The results were disappointing. Daily field observations that used license plates to track study participants (who were unaware of the test) showed the mean safety-belt use among male and female drivers was 8.4 percent and 11.3 percent, respectively, for the group receiving the safety messages, and 8.2 percent and 10.3 percent, respectively, for the control group.
What was the problem? In this case, the scare tactics did indeed touch on all three of those beliefs needed to bring about a change in behavior. The ugly scar on the young girl’s face provided the negative consequence to be avoided, and the message implied that anyone had the skill to adopt the strategy necessary to avoid this outcome — by simply buckling up.

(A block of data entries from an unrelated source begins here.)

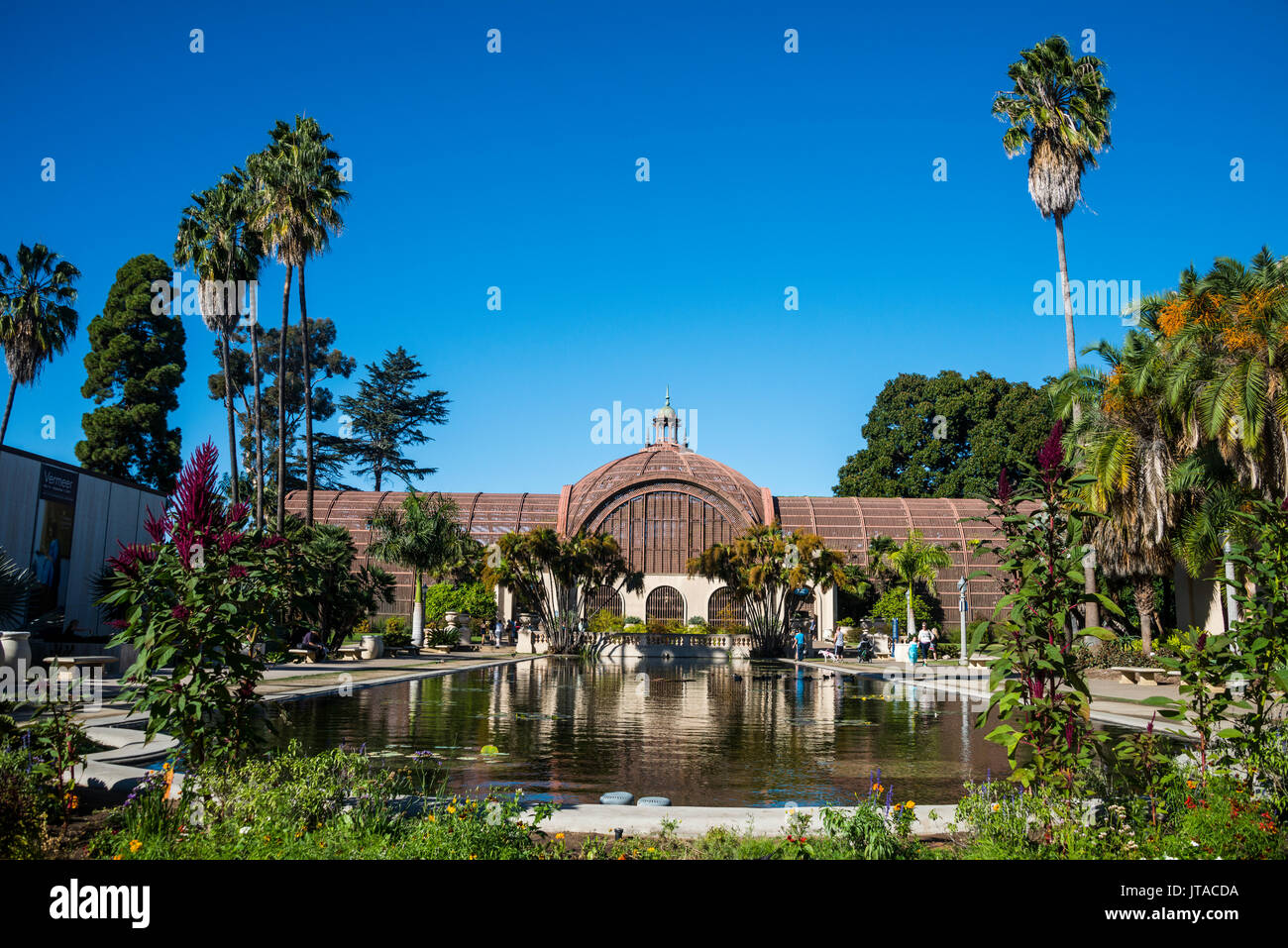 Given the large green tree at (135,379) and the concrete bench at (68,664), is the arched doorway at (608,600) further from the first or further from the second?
the concrete bench at (68,664)

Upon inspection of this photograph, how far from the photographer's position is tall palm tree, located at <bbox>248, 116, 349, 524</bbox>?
30406mm

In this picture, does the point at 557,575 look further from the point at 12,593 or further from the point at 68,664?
the point at 68,664

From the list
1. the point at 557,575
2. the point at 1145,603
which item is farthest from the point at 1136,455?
the point at 557,575


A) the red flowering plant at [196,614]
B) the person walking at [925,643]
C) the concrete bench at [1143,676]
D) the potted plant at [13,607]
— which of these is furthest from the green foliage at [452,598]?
the red flowering plant at [196,614]

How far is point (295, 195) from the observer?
30391 millimetres

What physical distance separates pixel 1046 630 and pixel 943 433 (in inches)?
2750

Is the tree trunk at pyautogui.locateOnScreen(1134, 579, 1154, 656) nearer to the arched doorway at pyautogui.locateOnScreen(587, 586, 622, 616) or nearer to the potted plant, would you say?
the arched doorway at pyautogui.locateOnScreen(587, 586, 622, 616)

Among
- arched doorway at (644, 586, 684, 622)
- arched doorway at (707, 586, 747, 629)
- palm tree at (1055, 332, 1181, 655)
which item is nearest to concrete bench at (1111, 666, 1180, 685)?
palm tree at (1055, 332, 1181, 655)

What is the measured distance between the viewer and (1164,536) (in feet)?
88.4

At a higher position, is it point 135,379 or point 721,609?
point 135,379

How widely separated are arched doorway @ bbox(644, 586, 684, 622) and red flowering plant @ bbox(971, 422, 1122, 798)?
4730 centimetres

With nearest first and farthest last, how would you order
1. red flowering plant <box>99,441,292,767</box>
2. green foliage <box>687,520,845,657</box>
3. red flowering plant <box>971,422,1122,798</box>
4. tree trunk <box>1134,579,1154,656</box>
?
red flowering plant <box>971,422,1122,798</box>
red flowering plant <box>99,441,292,767</box>
tree trunk <box>1134,579,1154,656</box>
green foliage <box>687,520,845,657</box>

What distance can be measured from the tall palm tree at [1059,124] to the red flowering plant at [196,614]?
30732mm

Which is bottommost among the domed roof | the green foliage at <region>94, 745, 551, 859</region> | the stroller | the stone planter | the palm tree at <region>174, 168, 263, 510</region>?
the stroller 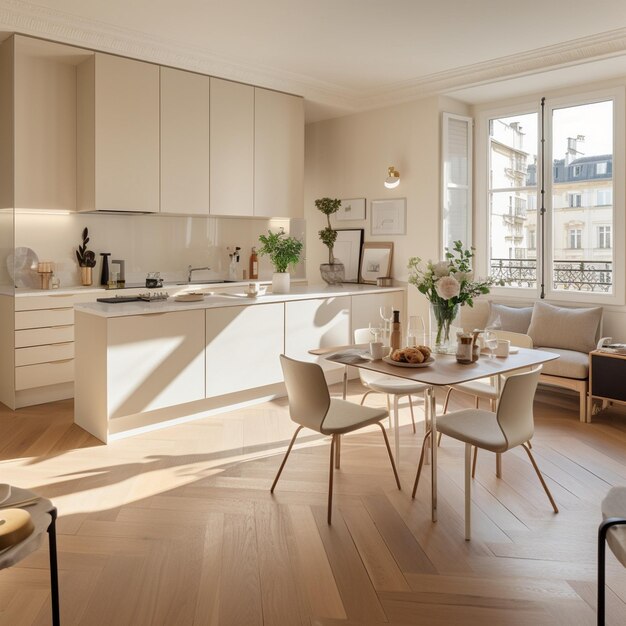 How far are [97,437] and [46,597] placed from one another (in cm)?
197

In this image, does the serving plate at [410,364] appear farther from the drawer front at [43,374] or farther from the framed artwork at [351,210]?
the framed artwork at [351,210]

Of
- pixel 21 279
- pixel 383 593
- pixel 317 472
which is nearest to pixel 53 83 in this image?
pixel 21 279

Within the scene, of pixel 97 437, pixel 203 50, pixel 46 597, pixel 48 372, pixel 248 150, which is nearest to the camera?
pixel 46 597

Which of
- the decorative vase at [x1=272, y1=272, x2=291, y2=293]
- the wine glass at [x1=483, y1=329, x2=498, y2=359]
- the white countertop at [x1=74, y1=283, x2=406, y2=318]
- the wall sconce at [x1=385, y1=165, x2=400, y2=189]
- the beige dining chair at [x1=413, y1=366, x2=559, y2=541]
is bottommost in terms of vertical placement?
the beige dining chair at [x1=413, y1=366, x2=559, y2=541]

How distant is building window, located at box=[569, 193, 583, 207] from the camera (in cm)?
577

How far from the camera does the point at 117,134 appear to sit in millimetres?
5227

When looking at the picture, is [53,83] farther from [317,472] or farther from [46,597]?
[46,597]

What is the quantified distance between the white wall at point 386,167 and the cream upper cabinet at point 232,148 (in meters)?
1.32

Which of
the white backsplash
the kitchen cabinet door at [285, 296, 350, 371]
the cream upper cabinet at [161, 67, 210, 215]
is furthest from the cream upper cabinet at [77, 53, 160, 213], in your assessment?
the kitchen cabinet door at [285, 296, 350, 371]

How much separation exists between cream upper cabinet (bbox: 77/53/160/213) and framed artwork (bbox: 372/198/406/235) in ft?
7.98

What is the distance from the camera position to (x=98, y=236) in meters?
5.72

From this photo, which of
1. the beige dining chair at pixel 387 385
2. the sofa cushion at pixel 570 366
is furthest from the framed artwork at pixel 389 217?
the beige dining chair at pixel 387 385

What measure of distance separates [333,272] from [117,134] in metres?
2.61

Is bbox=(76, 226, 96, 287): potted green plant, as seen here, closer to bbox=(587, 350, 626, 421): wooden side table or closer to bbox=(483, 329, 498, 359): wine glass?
bbox=(483, 329, 498, 359): wine glass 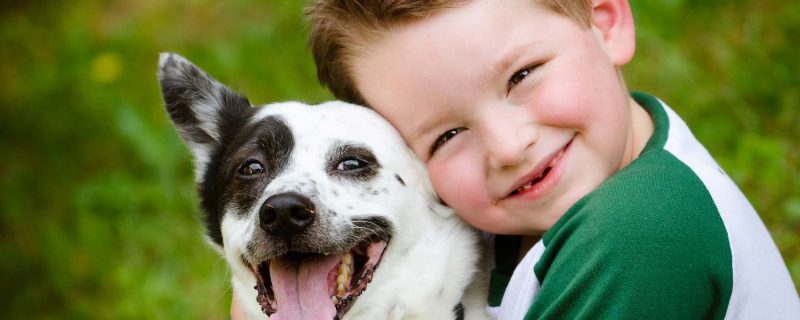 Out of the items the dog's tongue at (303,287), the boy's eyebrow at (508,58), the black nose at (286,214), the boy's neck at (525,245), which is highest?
the boy's eyebrow at (508,58)

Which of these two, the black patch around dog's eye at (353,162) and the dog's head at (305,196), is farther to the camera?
the black patch around dog's eye at (353,162)

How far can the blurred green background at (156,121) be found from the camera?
15.3 feet

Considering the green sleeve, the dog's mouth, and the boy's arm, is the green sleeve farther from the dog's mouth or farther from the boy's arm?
the dog's mouth

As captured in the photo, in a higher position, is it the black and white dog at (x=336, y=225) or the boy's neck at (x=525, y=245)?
the black and white dog at (x=336, y=225)

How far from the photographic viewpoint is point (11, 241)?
5594 mm

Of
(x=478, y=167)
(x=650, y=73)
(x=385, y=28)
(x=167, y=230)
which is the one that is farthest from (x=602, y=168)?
(x=167, y=230)

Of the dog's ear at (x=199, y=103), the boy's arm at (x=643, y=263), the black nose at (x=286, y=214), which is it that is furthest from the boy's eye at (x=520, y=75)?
the dog's ear at (x=199, y=103)

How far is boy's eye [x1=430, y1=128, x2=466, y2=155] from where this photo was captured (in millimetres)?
2703

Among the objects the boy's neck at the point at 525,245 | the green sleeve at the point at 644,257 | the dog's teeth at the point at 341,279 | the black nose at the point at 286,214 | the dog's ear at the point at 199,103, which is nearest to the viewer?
the green sleeve at the point at 644,257

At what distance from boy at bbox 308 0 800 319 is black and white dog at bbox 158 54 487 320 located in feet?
0.34

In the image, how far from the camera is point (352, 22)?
2.83m

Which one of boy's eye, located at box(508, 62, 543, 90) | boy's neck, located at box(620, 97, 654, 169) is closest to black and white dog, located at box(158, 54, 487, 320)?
boy's eye, located at box(508, 62, 543, 90)

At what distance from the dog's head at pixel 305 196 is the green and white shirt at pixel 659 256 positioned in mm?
487

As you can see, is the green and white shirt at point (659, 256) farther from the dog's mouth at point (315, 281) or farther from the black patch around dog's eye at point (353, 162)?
the black patch around dog's eye at point (353, 162) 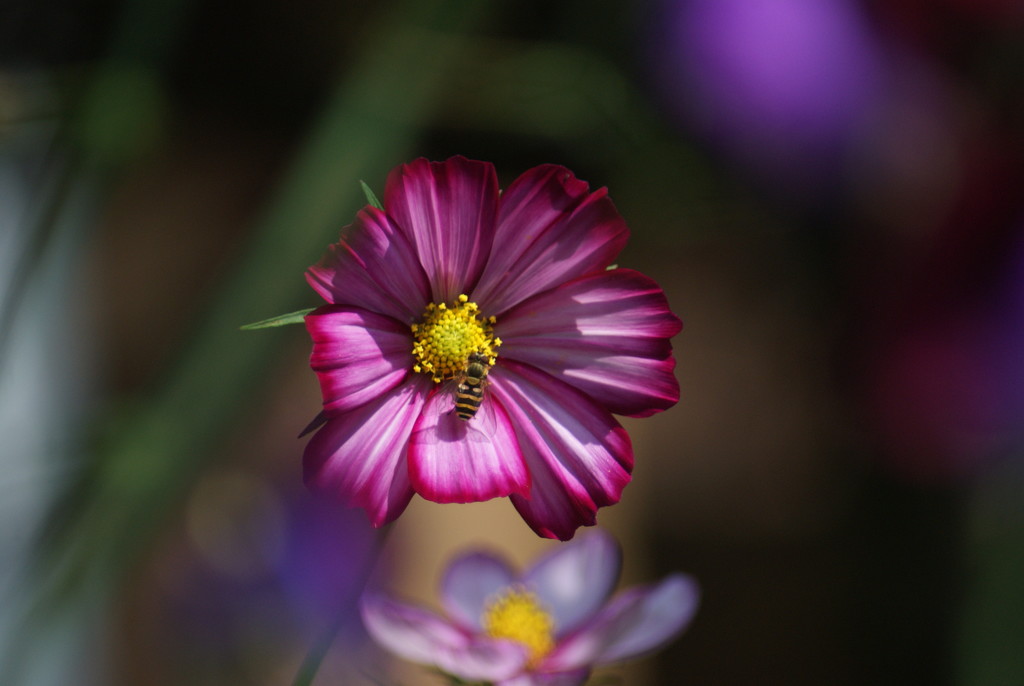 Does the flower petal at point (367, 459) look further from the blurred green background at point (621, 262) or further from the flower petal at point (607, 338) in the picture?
the blurred green background at point (621, 262)

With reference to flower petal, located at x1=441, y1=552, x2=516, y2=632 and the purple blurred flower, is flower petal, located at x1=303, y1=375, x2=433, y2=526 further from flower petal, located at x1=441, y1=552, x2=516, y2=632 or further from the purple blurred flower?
the purple blurred flower

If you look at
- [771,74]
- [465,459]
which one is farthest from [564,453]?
[771,74]

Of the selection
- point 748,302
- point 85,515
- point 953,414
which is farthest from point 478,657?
point 748,302

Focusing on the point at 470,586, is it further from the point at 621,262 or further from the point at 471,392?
the point at 621,262

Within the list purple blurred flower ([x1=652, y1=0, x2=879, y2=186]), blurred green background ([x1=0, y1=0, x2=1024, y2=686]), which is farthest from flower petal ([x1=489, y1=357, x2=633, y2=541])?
purple blurred flower ([x1=652, y1=0, x2=879, y2=186])

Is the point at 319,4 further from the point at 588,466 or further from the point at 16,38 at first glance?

It’s my guess that the “culture” of the times was a critical factor. Readers who were driving in 1974 realize a few key differences between then and now. First, vehicles in those days frequently had only lap belts, which do not hold heads back from slamming into windshields. More importantly, it was once common to hear of individuals whose lives were saved because they were not buckled up. “Uncle Joe was thrown clear of the crash and luckily did not burn in the fire.”
Plus, use of safety belts was very low in the 1970s. Today it’s natural to see people buckled up, but in those days safety-belt use was the exception, not the rule.
Today, I think that safety belt scare message would work. Scare tactics can work.
But if you want to use them to increase safety-related behaviors, remember the importance of your workplace culture in promoting and reinforcing the message. And remember: you need to do more than simply scare people. Give them procedures to avoid the scary negative consequence, and convince them that they have the skills and time to use those procedures.
Sidebar: Want to use scare tactics?
- A realistic scare tells workers they need to do something to avoid an unwanted consequence, such as an injury.
- Give workers a straightforward strategy to avoid that scary consequence.
- Convince them that they can apply it successfully.
- Cultivate a culture that encourages employees to discuss their injuries and near misses —personal testimony is more powerful than statistics.
- Get everyone on the same page — even motivated people who have the training and confidence to follow safety practices often won't do it if they see most of their co-workers failing to work safety.